Just wondering if the preferred method to dry a car is still a chamois?

Dont they scratch the paint and clear coat with bits of rail dust embedded in the paint?

Also, anyone know of a brand of a good sunshade that will fit? Went down to supercheap and spent 1/2 an hour trying 4 different brands that didnt fit..... 70X150 is far too big.
 
if you contact a proper detailing supplier, there chamois's are the best , ( the suppliers that goes to the car yards ) , I could probly ask the supplier we have for the prices etc if your keen?? ( but there not cheap from memory)

I also use a mequiars showroom shine over the hole car after wash and dry , it feels like its just been polished and you use a microfiber cloth to wipe it off also to stop scratches
 
a chamois shouldn't scratch if the surface is clean; and it should be clean. Your paint shouldn't be that soft. (be sure to be washing the car when it's cool, and out of the sun - otherwise acrylic will re-soften at about 40 or 50 degrees, 2k won't re-soften at all, but heat will act as a catalyst to chemicals).

I just finished a tafe course, so am officially now qualified detailer; and from what you get taught; you must chamois the car after washing; otherwise any soap residue will dry on the paint, leaving water marks and damaging the finish. no good!!!

There is a difference between brands, and I haven't tried them all. I'd stick with a synthetic over a leather one. Armorall ones i've used are actually pretty damn good, and glide over the surface really well. Haven't tried meguires yet.
 
its more fun to make them dirty :p ,

Ive clean it since it looking like this on satuday , I did notice that the chamios I used didnt leave much if any streaks , but I did just wax it with meguires, it really brought out the shine

IMG00129-20110115-1643DD.jpg
 
I use a drying towel. Have read this and that on the pros/cons of various chamois. But when it comes down to actually drying the car, the drying towel linked bellow seams to works easier and leave the same (if not better) result.

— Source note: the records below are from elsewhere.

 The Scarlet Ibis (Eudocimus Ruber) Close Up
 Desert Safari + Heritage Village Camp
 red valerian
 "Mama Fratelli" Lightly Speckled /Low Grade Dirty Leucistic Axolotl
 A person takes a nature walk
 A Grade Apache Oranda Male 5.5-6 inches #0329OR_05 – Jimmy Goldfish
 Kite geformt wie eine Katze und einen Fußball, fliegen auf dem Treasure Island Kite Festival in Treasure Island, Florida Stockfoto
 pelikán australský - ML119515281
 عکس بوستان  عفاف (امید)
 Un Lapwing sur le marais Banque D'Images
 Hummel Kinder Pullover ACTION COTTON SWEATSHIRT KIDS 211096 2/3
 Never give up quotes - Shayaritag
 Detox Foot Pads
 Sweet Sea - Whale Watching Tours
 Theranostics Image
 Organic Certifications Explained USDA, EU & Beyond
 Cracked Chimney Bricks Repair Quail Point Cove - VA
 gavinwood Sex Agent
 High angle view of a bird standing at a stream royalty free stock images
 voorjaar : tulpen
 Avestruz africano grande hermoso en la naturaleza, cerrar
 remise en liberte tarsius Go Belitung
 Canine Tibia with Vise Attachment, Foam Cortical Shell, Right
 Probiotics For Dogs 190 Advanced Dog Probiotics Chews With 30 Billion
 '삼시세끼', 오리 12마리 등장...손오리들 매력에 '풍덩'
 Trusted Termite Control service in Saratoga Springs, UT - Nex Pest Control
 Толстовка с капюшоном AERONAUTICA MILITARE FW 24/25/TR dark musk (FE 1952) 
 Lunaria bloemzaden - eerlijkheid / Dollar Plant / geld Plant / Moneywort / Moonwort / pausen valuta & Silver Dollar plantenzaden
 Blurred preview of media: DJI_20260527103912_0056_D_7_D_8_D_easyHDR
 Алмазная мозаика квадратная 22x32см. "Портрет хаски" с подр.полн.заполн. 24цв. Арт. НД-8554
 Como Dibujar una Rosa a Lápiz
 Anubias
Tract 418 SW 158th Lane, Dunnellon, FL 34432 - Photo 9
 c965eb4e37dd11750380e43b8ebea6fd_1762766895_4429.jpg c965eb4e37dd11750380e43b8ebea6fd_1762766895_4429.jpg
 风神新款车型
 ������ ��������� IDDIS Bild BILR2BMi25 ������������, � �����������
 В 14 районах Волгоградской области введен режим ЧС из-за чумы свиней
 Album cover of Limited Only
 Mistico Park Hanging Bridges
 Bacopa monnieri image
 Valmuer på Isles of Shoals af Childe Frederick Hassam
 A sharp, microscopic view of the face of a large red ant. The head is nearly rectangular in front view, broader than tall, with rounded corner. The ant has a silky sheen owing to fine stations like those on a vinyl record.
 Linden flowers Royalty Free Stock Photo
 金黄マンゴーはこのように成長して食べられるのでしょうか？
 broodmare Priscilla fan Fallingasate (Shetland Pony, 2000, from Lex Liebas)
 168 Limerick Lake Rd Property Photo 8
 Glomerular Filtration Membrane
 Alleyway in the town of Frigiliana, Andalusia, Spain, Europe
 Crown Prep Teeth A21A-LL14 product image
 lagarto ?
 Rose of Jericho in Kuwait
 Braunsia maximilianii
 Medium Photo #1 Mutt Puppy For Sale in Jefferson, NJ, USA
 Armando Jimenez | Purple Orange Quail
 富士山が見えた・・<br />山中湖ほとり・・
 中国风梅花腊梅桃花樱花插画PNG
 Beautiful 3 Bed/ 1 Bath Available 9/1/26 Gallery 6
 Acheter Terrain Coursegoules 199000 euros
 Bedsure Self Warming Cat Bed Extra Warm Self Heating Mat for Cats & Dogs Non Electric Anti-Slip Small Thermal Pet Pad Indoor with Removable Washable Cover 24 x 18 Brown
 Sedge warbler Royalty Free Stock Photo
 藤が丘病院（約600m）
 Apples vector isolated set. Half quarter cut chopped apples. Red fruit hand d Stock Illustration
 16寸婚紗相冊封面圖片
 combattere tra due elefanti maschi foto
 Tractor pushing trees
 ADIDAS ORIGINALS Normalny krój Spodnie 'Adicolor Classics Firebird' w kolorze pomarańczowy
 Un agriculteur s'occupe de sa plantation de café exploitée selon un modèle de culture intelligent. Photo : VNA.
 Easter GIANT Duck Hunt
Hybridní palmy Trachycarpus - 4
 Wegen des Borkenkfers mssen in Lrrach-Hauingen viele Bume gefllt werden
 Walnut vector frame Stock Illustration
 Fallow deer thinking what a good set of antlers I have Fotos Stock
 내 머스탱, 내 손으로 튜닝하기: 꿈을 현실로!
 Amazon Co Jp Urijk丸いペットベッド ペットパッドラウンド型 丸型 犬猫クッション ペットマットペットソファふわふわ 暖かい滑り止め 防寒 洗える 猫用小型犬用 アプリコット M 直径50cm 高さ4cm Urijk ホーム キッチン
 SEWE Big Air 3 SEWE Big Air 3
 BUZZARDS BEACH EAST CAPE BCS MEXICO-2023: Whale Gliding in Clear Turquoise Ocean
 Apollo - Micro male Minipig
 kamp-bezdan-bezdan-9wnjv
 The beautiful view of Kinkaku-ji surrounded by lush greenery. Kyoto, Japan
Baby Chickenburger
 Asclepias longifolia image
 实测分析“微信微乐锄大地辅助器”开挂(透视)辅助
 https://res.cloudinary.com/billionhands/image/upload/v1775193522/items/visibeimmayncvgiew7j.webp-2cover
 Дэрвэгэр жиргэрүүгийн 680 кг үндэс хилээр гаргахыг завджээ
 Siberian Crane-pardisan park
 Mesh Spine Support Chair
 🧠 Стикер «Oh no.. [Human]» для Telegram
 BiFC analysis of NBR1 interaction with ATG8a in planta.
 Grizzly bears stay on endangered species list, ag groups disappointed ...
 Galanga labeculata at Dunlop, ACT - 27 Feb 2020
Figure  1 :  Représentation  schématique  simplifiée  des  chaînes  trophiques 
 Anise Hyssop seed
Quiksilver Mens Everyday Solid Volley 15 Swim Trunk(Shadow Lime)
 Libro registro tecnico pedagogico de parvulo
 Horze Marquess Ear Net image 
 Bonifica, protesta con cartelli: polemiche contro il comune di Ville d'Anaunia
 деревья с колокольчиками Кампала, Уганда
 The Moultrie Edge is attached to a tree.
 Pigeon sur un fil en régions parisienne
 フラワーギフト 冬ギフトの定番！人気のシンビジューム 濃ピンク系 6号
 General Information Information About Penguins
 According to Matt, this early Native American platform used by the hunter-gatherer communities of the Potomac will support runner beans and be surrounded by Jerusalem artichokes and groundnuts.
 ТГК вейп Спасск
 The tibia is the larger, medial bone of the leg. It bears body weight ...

I have one and use it on my CC GSR and 2010 grand vitara with great results :)

http://www.carcareproducts.com.au/product/mint/microfibre_drying_towel_waffle_weave_x_large
 
Thans guys,

my housemate swears by the meguairs leather chamois, but I thought Id double check.

Trav how much do the professional detailing ones go for?

I'm also in the market for a cover - the car catches the morning sun under the carport. Does anyone have a recommendation for a particular brand that wont scratch the paint work?
 
any brand will scratch the paint work, unless the car is 100% clean underneath. Contaminants get between and rub against the paint, scratching it.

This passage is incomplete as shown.